• **Data segment**
BEGIN
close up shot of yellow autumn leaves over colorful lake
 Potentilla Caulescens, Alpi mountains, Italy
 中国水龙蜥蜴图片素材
END
• **Task goal**
Retype the whole listing above exactly as it appears.

• **Answer for this exercise**
close up shot of yellow autumn leaves over colorful lake
 Potentilla Caulescens, Alpi mountains, Italy
 中国水龙蜥蜴图片素材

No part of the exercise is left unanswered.